**Instructions to follow**
In the records below, find the line with "沪教版小学数学六年级下册期末检测试题精品【巩固】.docx", then copy each line exactly until you have copied the line with "гашиш Кумертау". Leave any picture out.

**Available records**
※ ※ ※
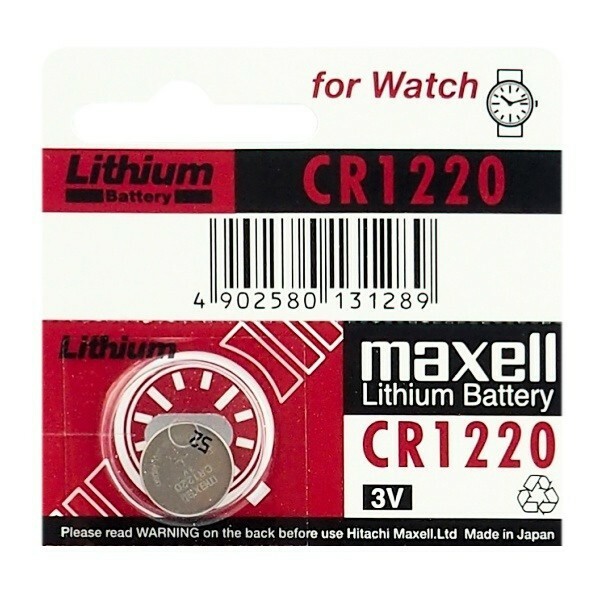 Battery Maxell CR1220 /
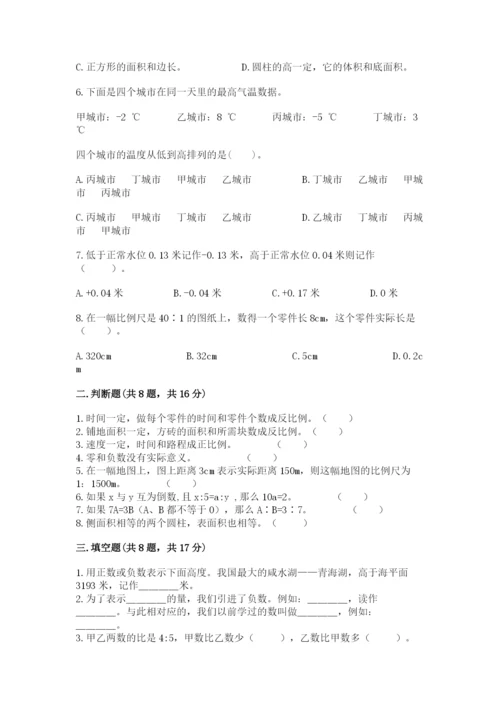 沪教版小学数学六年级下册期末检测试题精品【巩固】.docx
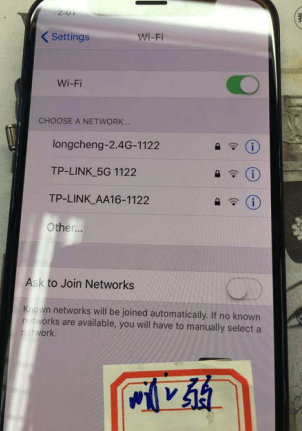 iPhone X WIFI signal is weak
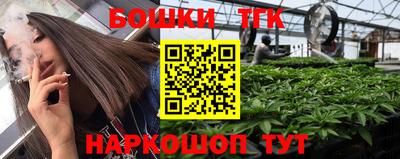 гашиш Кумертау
※ ※ ※
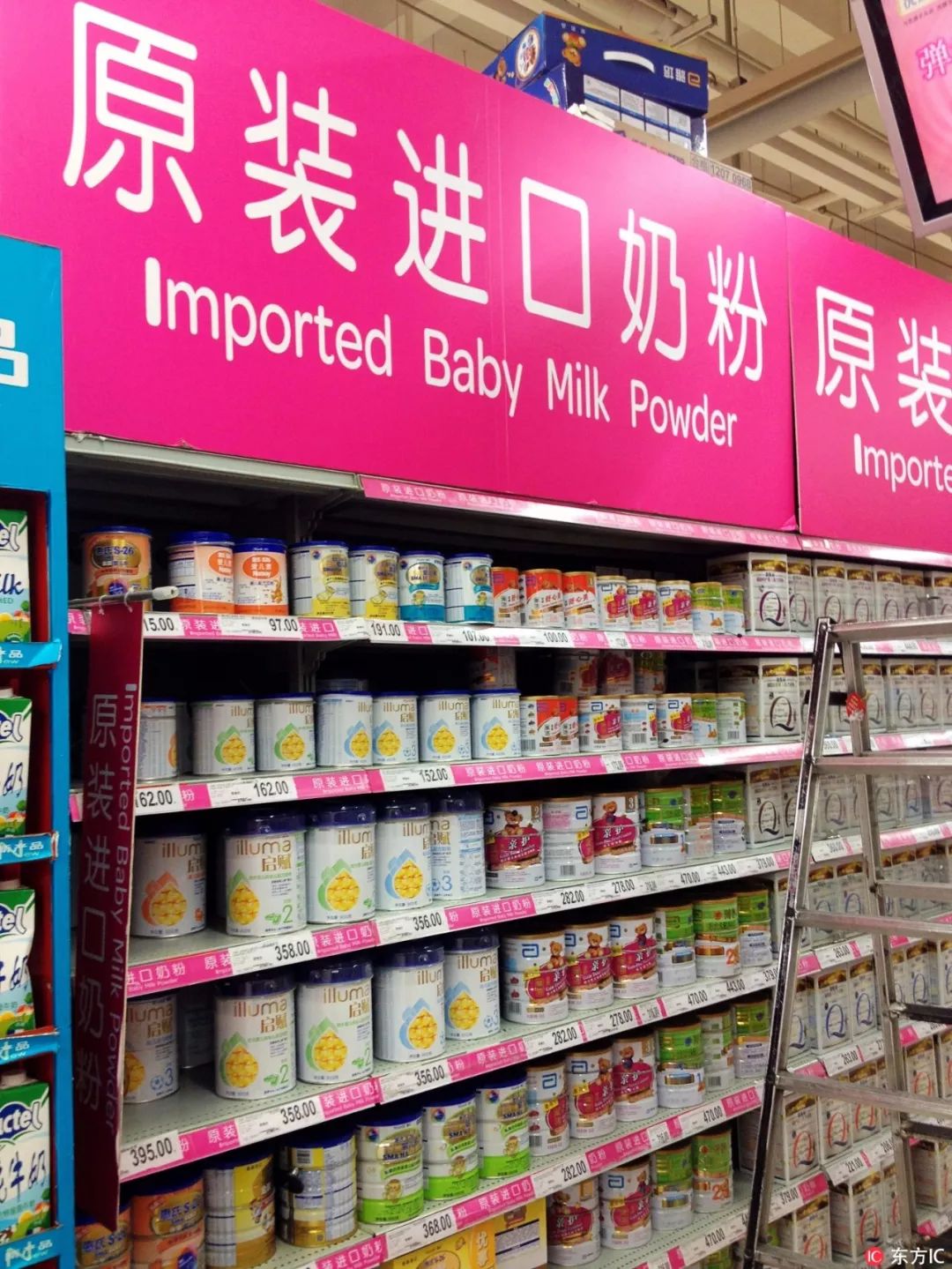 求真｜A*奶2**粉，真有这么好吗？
※ ※ ※
**Your response**
 沪教版小学数学六年级下册期末检测试题精品【巩固】.docx
 iPhone X WIFI signal is weak
 гашиш Кумертау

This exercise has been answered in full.